You Know you Want It - Salma El Tarzi

Workshop: 14 - 23 July

Deadline: 10 July 2020

Open Call - Online Film Research Workshop

You know you want it - Representation of desire, sexual violence and the normalization of rape culture

Workshop with Filmmaker Salma El Tarzi

The process will include examining films, music videos, social media influencer activities, sexual violence and rape cases, as well as public reactions, moralistic outrage, policing the female body and THE STATE.

The workshop combines discourses and practices. The participants will be introduced to the methodology, and will collectively reflect on the questions of representation of desire & the female sexuality, Image & agency, and the normalization of rape culture.

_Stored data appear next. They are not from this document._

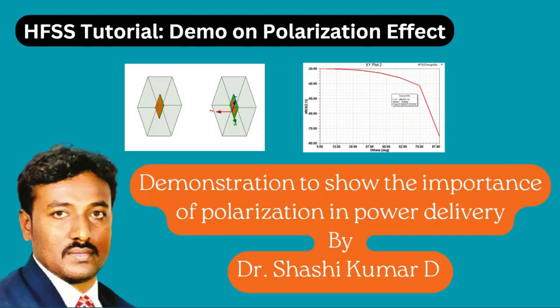Hi friends, welcome to my YouTube channel. In this video I will show you the importance of polarization in power delivery between two antennas.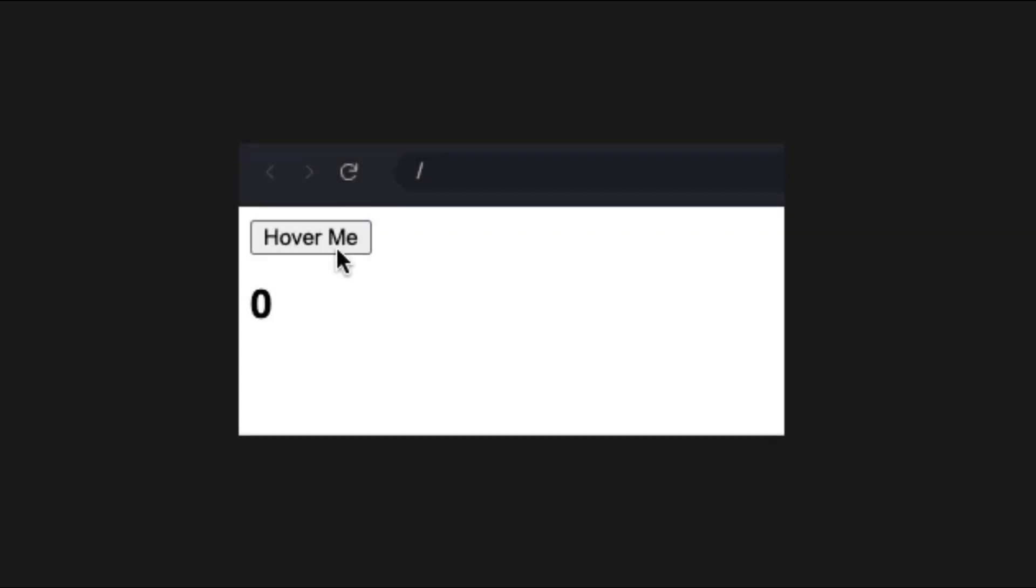This challenge is to create a component that displays the number of times a button has been hovered over. Alright, this is an easy one. Click on the link in the description and let's get started.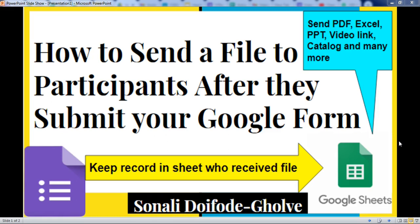Hello everyone, I am Sonali. In this part, you will learn how to send a file to participants after they submit your Google Forms.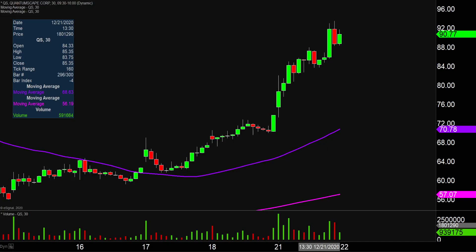Quite the eventful day on this one, not only from the price action standpoint, but you look down there at the volume — well above average volume on the day. So a lot of eyeballs on this one moving forward.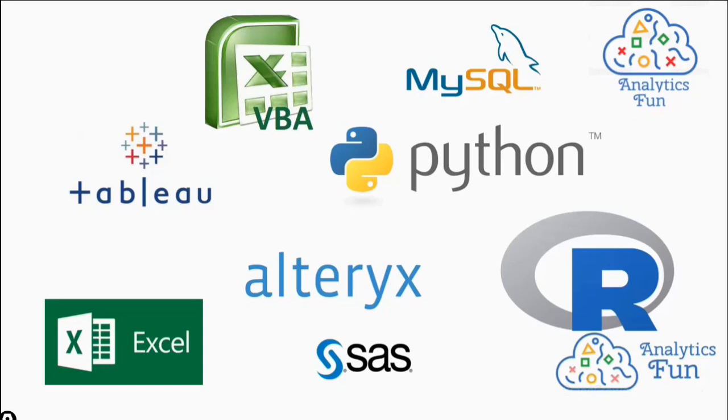Analytics Funners, we are making tutorials of different analytical technologies such as Tableau, Python, Alteryx, R, SAS, SQL, VBA, and Excel.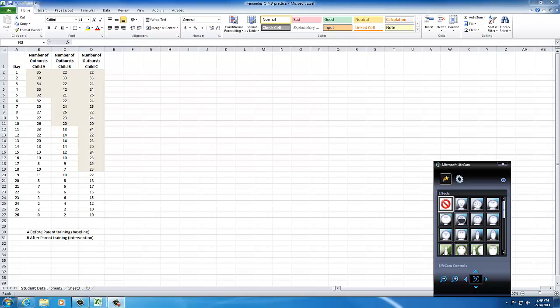Hello all, I wanted to give you a brief tutorial on using Excel as a way to create a multiple baseline graph.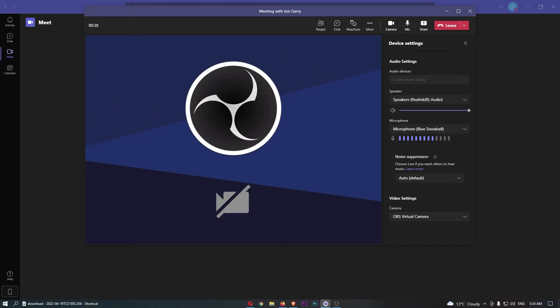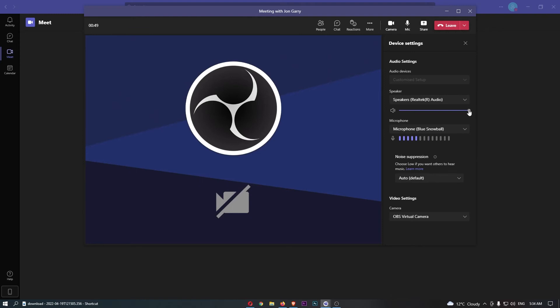So the first is going to be the speaker. You can choose which speaker or which output device you use, whether this is going to be speakers, headphones, your computer. You can go ahead and change that here. We can also choose the volume of the output, so if other people in the call are too loud, you can turn this down just like that. If they are too quiet, you can turn this up.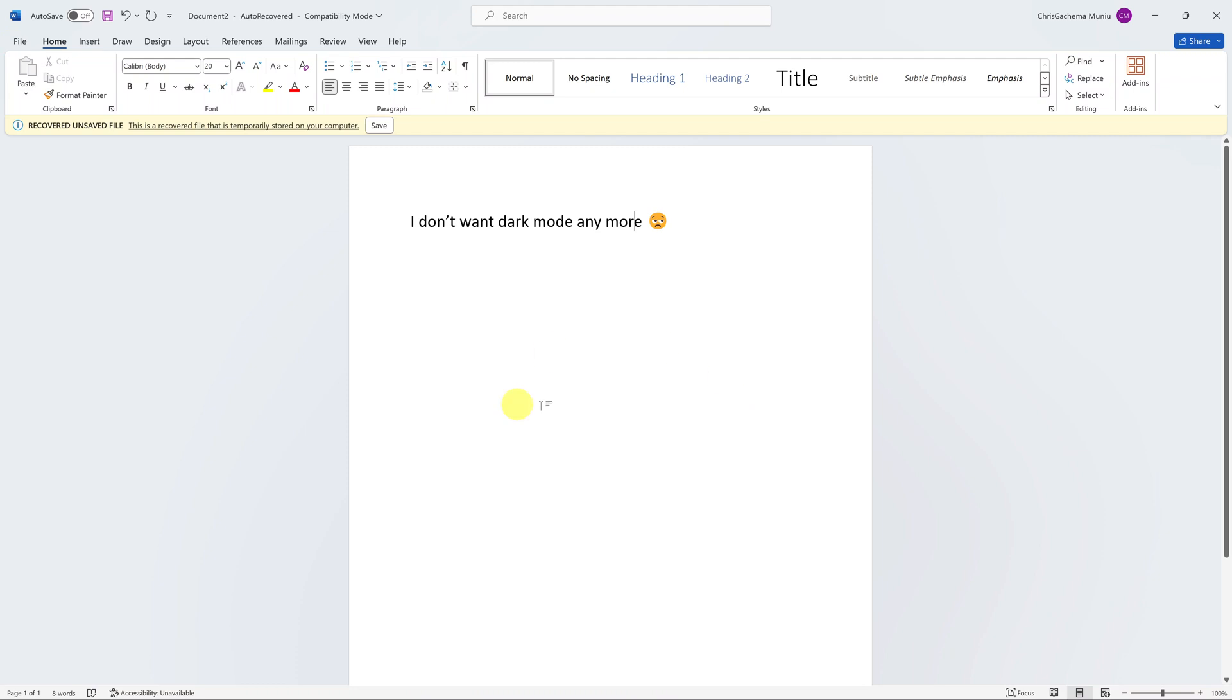The theme is now white, and basically you've disabled dark mode in Microsoft Word. Thanks for watching. Comments and questions down below, and good luck.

Basic knowledge of video editing is required.


This workshop is part of Salma El Tarzi’s ongoing art research project, “Yataman Wa Honna El Raghebat” since 2018.

The workshop will be online, free of charge and in English.

Please subscribe via email until July 10 to with the subject 'you know you want it', please write a few sentences about yourself.

About Salma El Tarzi

Salma El Tarzi (b. 1978) is a Cairo-based filmmaker, visual artist and essayist. Since her graduation from the High Institute of Cinema in 1999, where she studied cartoon animation, she has worked across several fields within the film and television industries, including direction, production, dubbing and writing. Her independent directorial debut, Do You Know Why? (2004), a short documentary film about young models working in television advertising, won the Rotterdam Arab Film Festival Silver Award that yearShe has since continued working in commercial cinema, predominantly as a producer, while simultaneously pursuing a career as an independent documentary filmmaker. In 2013, she directed her first feature-length documentary, Underground/On The Surface, which explores the local subculture of electro-shaabi music (also known as mahraganat) and won the 2013 Dubai International Film Festival award for best directing. That year, she returned to painting and drawing after a 14-year-long hiatus, culminating in the completion of a co-authored nonfiction graphic novel on institutional and societal gender-based violence during the first years of the 2011 uprising in Egypt (to be released in 2021). she has since authored another autobiographical artist book that was launched in February 2020, in parallel to an ongoing research project about the representation of desire and normalization of rape culture in mainstream Egyptian cinema: Yataman Wa Honna El Raghebat (They refuse but they want). The first iteration of the latter work-in-progress was a video installation shown as part of the Goethe-Institut Cairo's feminist arts festival Tashweesh in November 2018, published in Mada Masr and turned into a short video essay for JEEM platform in 2019.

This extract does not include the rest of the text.